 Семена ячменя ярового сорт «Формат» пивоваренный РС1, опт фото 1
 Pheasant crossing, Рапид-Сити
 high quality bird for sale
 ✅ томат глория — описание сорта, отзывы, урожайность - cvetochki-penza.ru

_ _ _ _ _

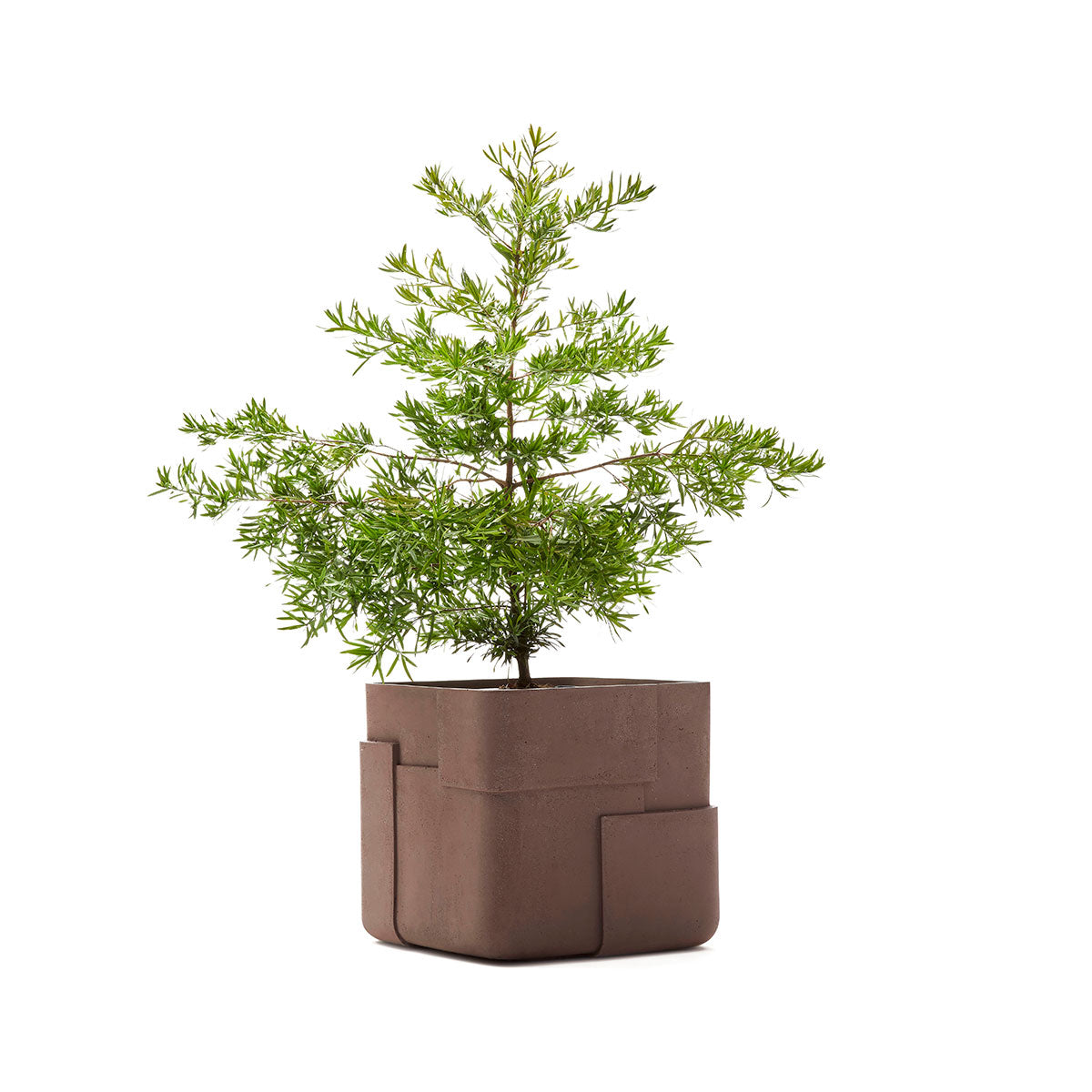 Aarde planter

_ _ _ _ _

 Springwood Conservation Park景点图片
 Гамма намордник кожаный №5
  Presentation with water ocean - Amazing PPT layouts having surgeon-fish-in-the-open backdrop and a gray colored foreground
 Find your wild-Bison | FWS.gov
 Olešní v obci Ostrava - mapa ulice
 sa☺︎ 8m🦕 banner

_ _ _ _ _

Try it: Using the data above, transcribe the lines that run from the line with "Presentation with water" to the line with "sa☺︎ 8m🦕 banner", both ends kept, and output nothing else.

Output of the task:
  Presentation with water ocean - Amazing PPT layouts having surgeon-fish-in-the-open backdrop and a gray colored foreground
 Find your wild-Bison | FWS.gov
 Olešní v obci Ostrava - mapa ulice
 sa☺︎ 8m🦕 banner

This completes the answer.